### AIM OF THE EXERCISE
For every entry, reproduce the wording exactly and omit any image it holds.

Top of DATA EXCERPTS

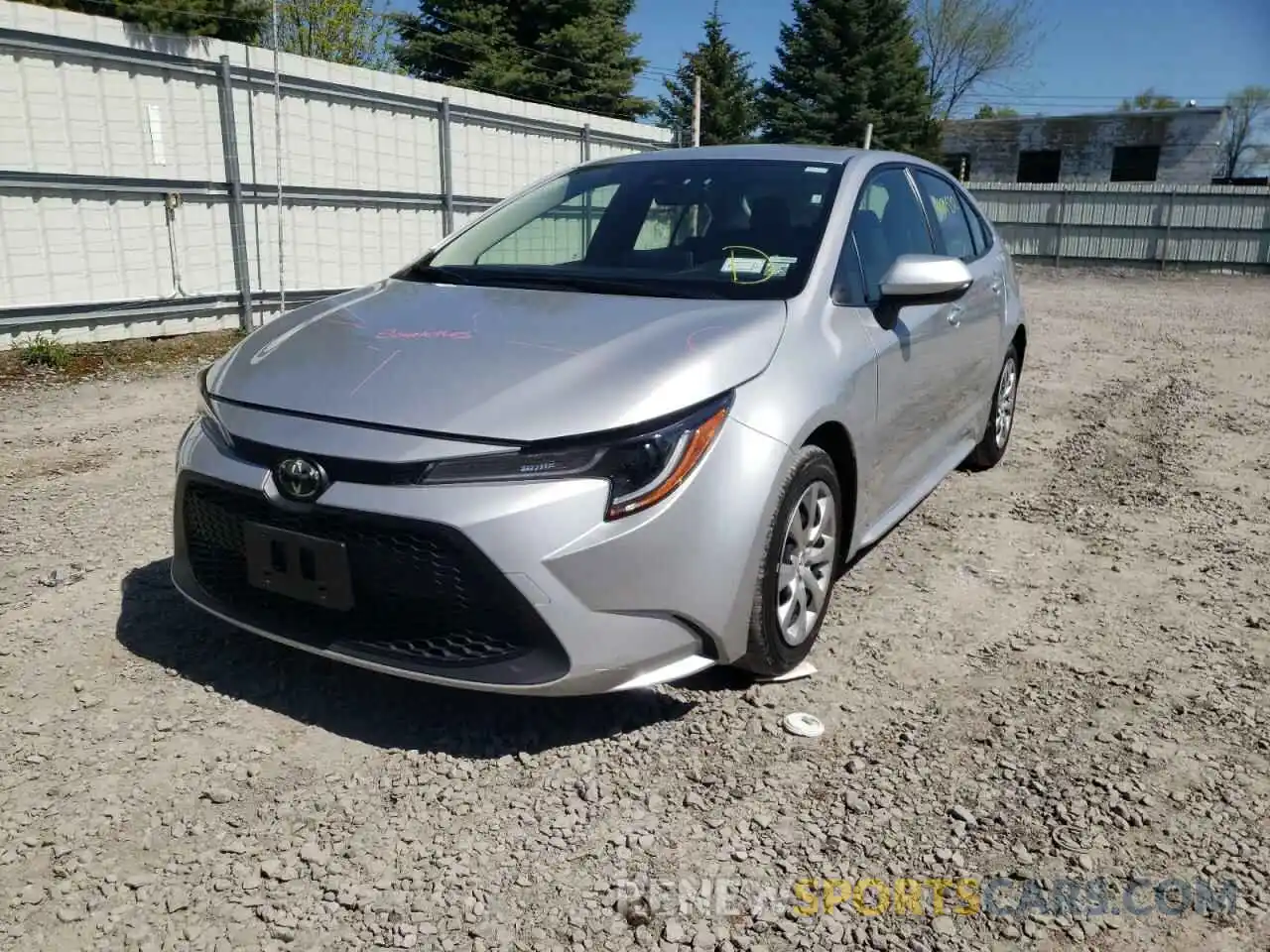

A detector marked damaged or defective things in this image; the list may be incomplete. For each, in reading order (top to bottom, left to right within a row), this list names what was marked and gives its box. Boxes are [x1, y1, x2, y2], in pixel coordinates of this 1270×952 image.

missing license plate [242, 520, 353, 611]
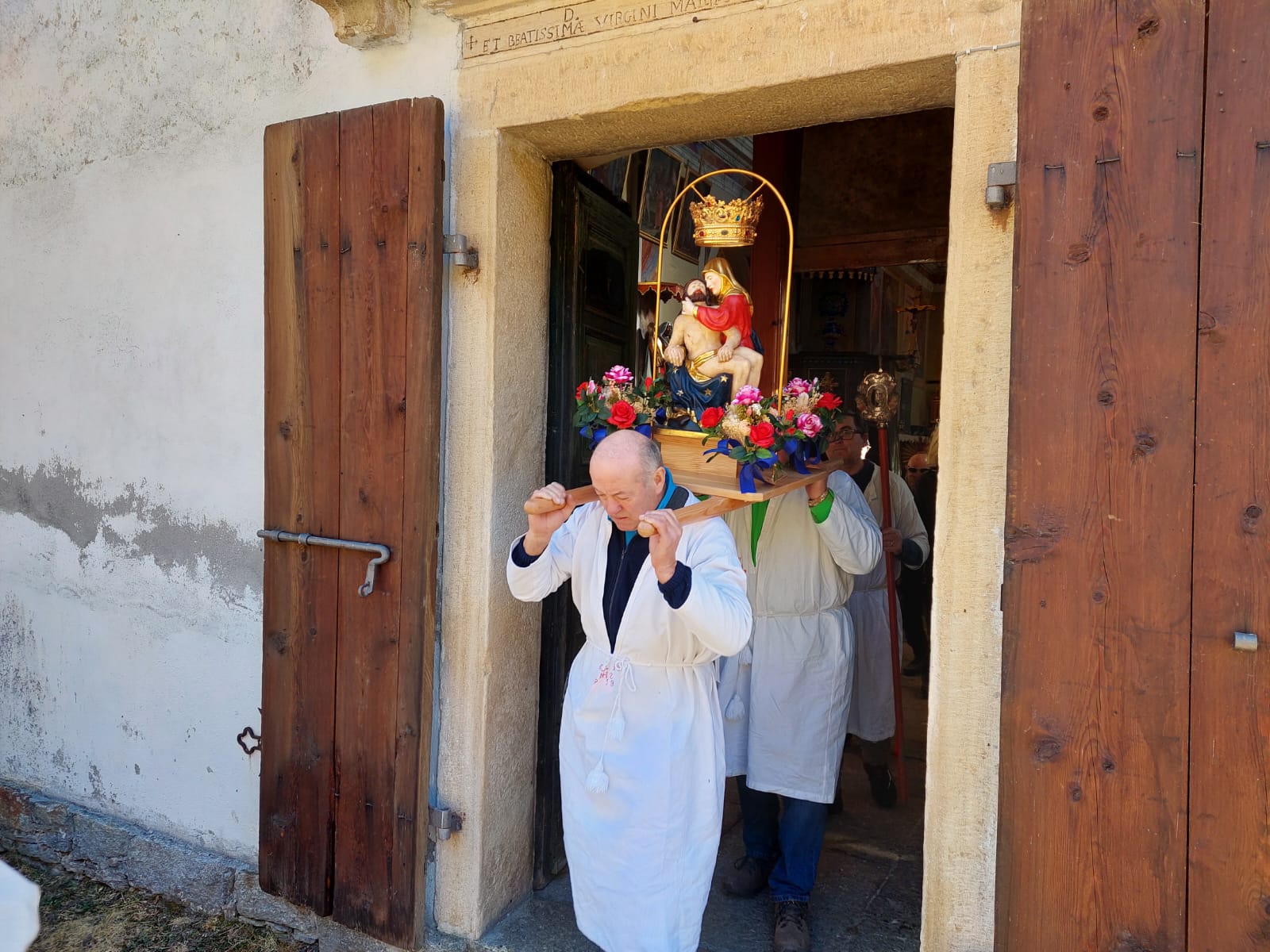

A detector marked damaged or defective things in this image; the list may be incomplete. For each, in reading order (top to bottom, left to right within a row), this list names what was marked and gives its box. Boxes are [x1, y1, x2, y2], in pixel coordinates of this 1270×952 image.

peeling plaster [0, 459, 260, 599]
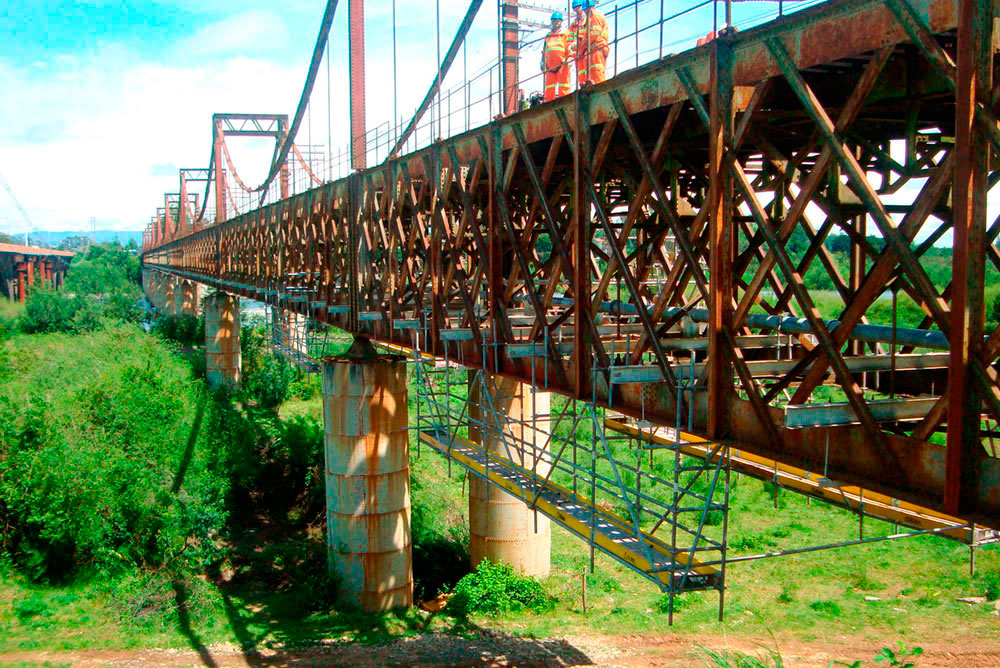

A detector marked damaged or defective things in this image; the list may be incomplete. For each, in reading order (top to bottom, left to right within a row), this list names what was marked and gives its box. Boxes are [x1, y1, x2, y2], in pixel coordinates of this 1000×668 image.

rusted metal surface [203, 294, 242, 392]
rusted metal surface [141, 0, 1000, 532]
rusty steel girder [145, 0, 1000, 528]
rusted metal surface [322, 358, 412, 612]
rusted metal surface [466, 378, 548, 576]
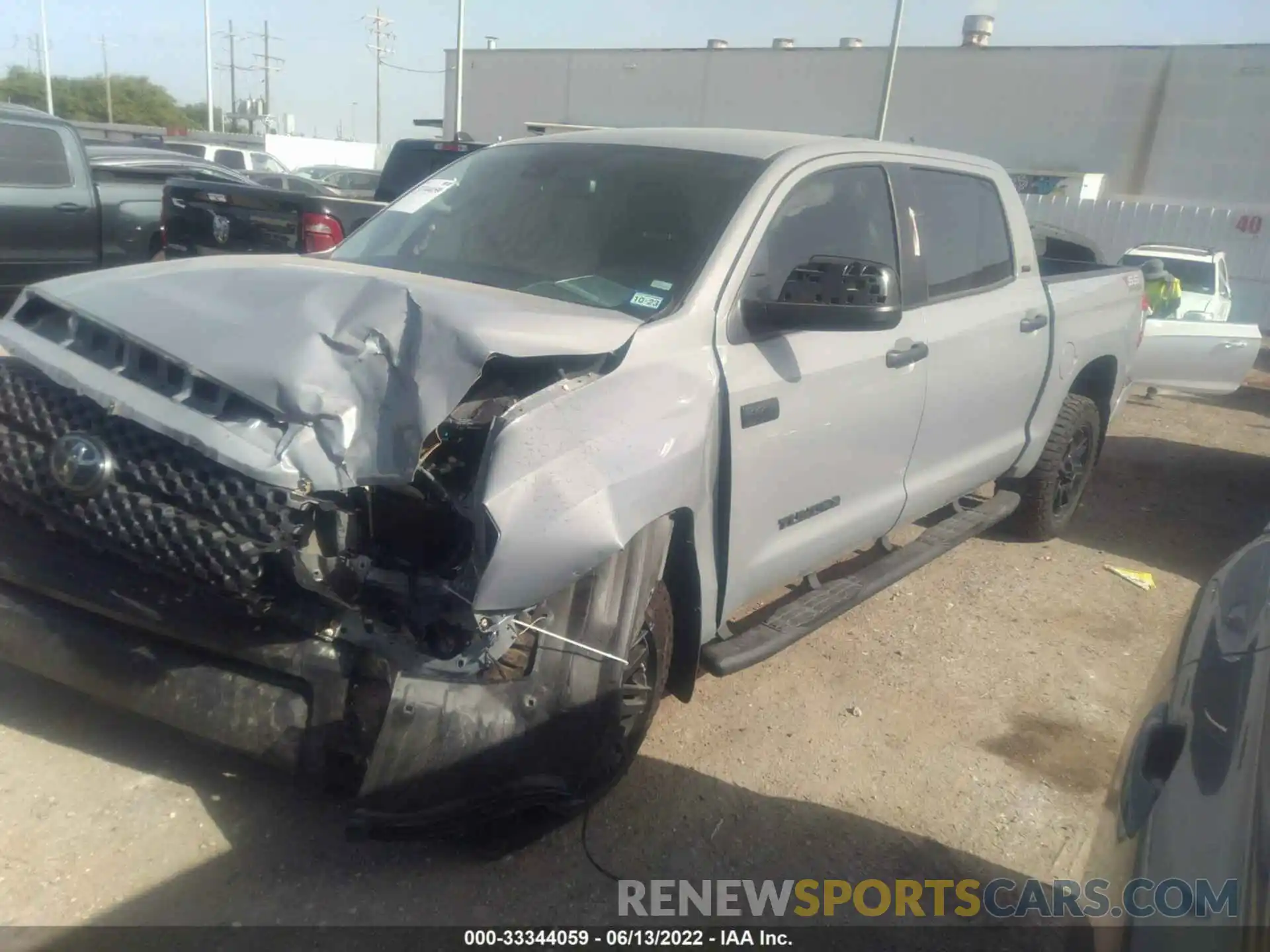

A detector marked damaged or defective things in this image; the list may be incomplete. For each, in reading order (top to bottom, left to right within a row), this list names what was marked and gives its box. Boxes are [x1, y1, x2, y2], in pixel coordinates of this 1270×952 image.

crumpled front hood [0, 253, 635, 492]
damaged toyota tundra [0, 130, 1154, 836]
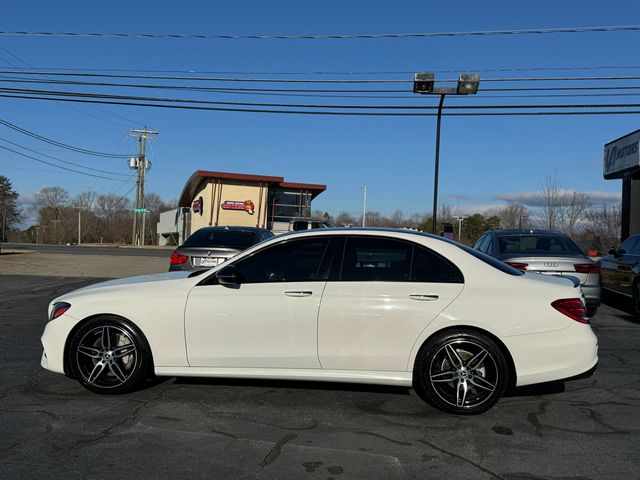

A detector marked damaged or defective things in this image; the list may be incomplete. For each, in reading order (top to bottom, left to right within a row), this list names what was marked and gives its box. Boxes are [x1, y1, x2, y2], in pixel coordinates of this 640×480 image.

pavement crack [258, 432, 298, 468]
pavement crack [418, 438, 508, 480]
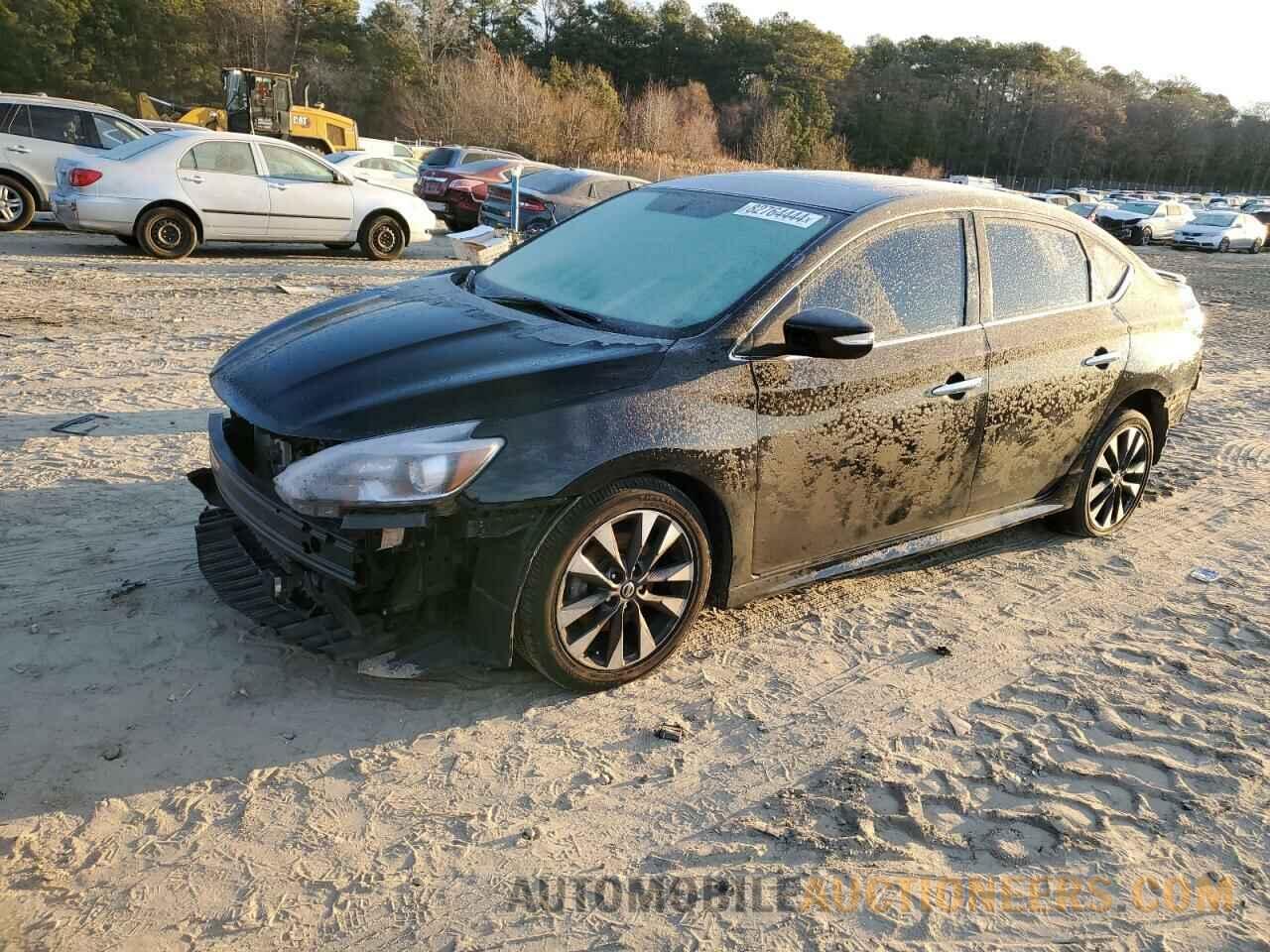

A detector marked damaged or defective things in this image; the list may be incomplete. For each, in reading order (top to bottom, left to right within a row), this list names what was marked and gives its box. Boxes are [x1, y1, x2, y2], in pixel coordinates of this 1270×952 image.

damaged black sedan [193, 171, 1206, 686]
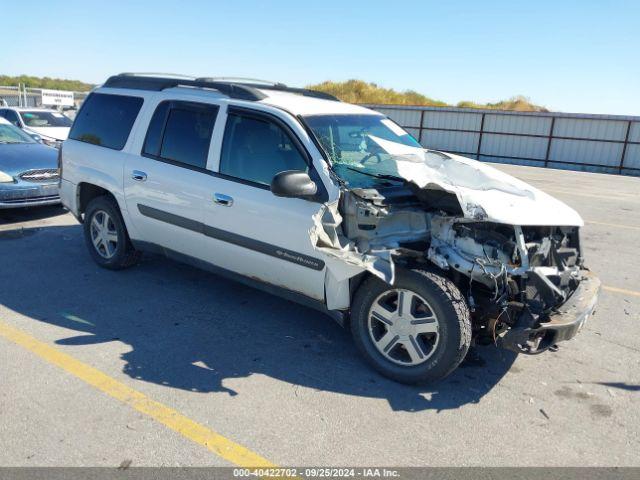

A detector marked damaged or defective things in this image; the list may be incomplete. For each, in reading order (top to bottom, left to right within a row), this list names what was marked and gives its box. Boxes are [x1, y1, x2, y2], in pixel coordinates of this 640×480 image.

crumpled hood [24, 125, 70, 141]
crumpled hood [364, 134, 580, 226]
damaged white suv [60, 74, 600, 382]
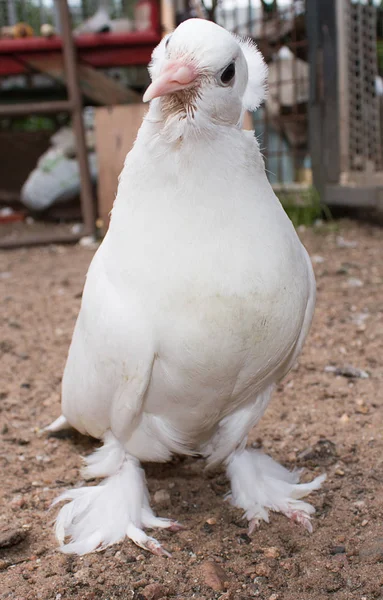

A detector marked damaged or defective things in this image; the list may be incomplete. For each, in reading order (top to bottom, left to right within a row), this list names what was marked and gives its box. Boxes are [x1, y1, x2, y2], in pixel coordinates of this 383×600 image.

rusty metal frame [0, 0, 96, 248]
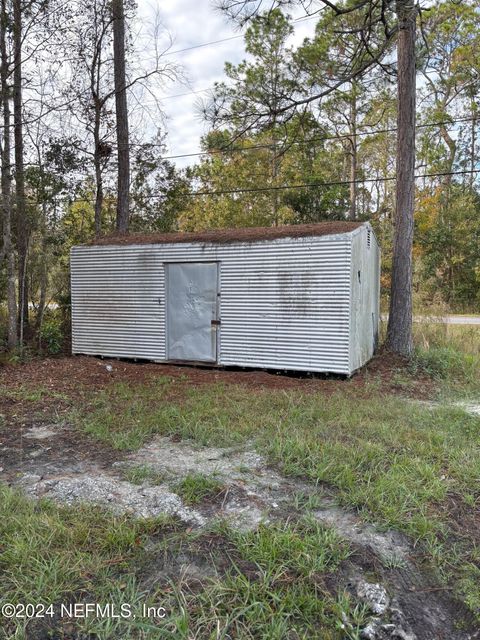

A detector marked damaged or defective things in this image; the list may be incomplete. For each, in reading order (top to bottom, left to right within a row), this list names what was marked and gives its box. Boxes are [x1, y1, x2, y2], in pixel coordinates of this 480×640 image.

rusted metal door [165, 262, 218, 362]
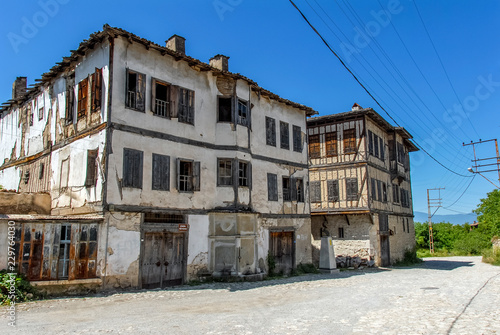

Bottom of DATA EXCERPTS

### EXERCISE SOLUTION
A detector marked damaged or defective things in this image; the list may be incomplete. For each, in reading order (top to bottom, left to right within a row), this list names what was marked and gives its box. Boxes are [x1, y1, x2, y2], in pixel coordinates of this 1270×952 image.

missing license plate [242, 520, 353, 611]

A detector marked damaged or defective things in this image; the list may be incomplete. For each, in reading order (top to bottom, left to right within a row), this list names what was marked and gives its box. Boxes are [x1, y1, x2, y2], in pixel coordinates of this 1270×952 image.

peeling plaster [0, 459, 260, 599]

A detector marked damaged or defective things in this image; the list may be incomplete. For each, in reading order (top to bottom, left to right within a row), this list names what was marked and gives its box. Boxes are [x1, y1, x2, y2], in pixel coordinates of this 1000×668 image.

rusted metal surface [203, 294, 242, 392]
rusted metal surface [141, 0, 1000, 532]
rusty steel girder [145, 0, 1000, 528]
rusted metal surface [322, 358, 412, 612]
rusted metal surface [466, 378, 548, 576]

A detector marked damaged or defective things in this image; the list may be incomplete. For each, in reading order (top to bottom, left to right within a row), this list names what was marked and gives its box. Boxes are [x1, y1, x2, y2], in pixel coordinates of this 1270×952 image.

crumpled front hood [0, 253, 635, 492]
damaged toyota tundra [0, 130, 1154, 836]

A detector marked damaged or defective things in this image; the list may be incomplete. For each, in reading order (top to bottom, left to right within a row), this list names what was marked and gives its box. Boxes are [x1, y1, x2, y2], in pixel coordinates of this 640×480 image.

pavement crack [258, 432, 298, 468]
pavement crack [418, 438, 508, 480]

A detector marked damaged or defective things in this image; the list may be incomplete. For each, in reading order (top to bottom, left to right within a row), this list names what was marked and gives its box. Boxes are [x1, y1, x2, y2], in pixel coordinates of this 1270×952 image.

damaged black sedan [193, 171, 1206, 686]

A detector marked damaged or defective things in this image; the list may be incomplete. For each, in reading order (top to bottom, left to right within a row), this list names what was marked and gives its box. Boxes are [x1, y1, x2, y2], in pixel coordinates of this 640×480 image.

crumpled hood [24, 125, 70, 141]
crumpled hood [364, 134, 580, 226]
damaged white suv [60, 74, 600, 382]

A detector marked damaged or defective things in this image; the list may be incomplete. For each, in reading order (top to bottom, left to right within a row), this list names what was marked and gives its box. Boxes are [x1, y1, x2, y2], in pixel coordinates of this 383×600 image.

rusty metal frame [0, 0, 96, 248]

A detector marked damaged or defective things in this image; the list may be incomplete. For each, in reading order (top to bottom, left to right within a row), this list names what was marked and gives its box. Boxes are [x1, y1, x2, y2], in pixel coordinates of this 480×640 image.

rusted metal door [165, 262, 218, 362]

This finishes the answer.